Try it:
Only the lines from the one containing "120F Kangaroo Valley Road, Berry NSW 2535" through the end of the data are wanted, reproduced exactly and without pictures.

Given data:
========

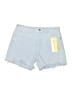 Risen Blue Denim Shorts Size XL - photo 1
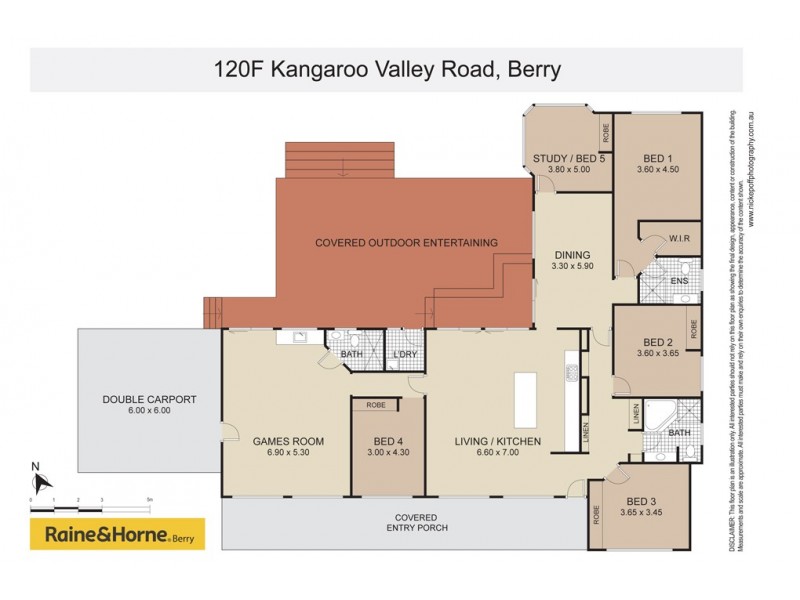 120F Kangaroo Valley Road, Berry NSW 2535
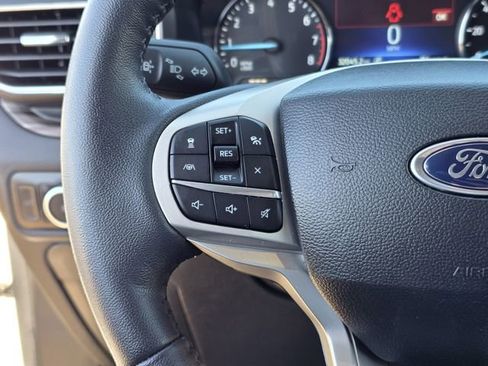 Used 2023 Ford Explorer Limited w/ Equipment Group 301A image 25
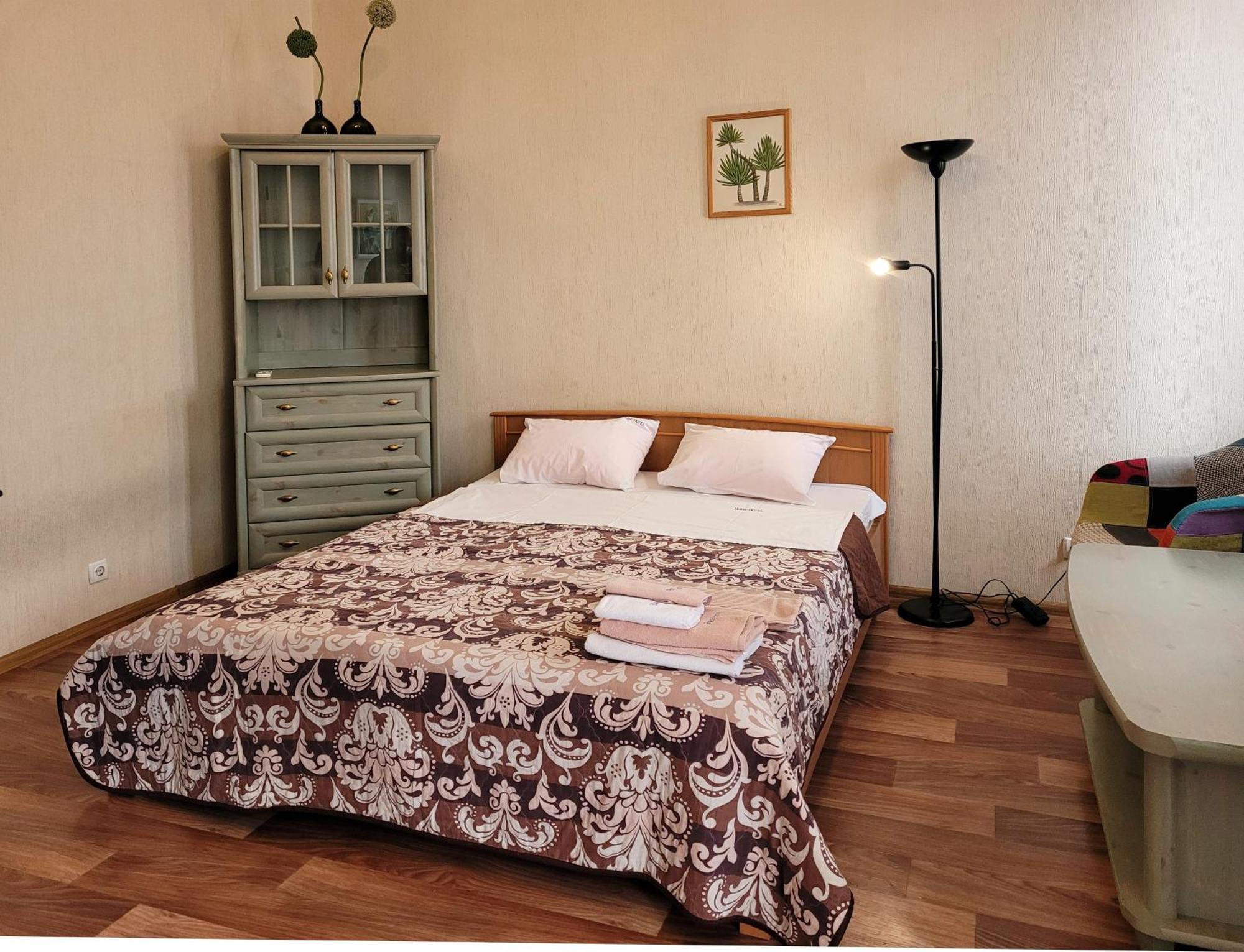 Home Hotel Apartments On Kontraktova Ploshcha 키예프 객실 사진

========

Solution:
 120F Kangaroo Valley Road, Berry NSW 2535
 Used 2023 Ford Explorer Limited w/ Equipment Group 301A image 25
 Home Hotel Apartments On Kontraktova Ploshcha 키예프 객실 사진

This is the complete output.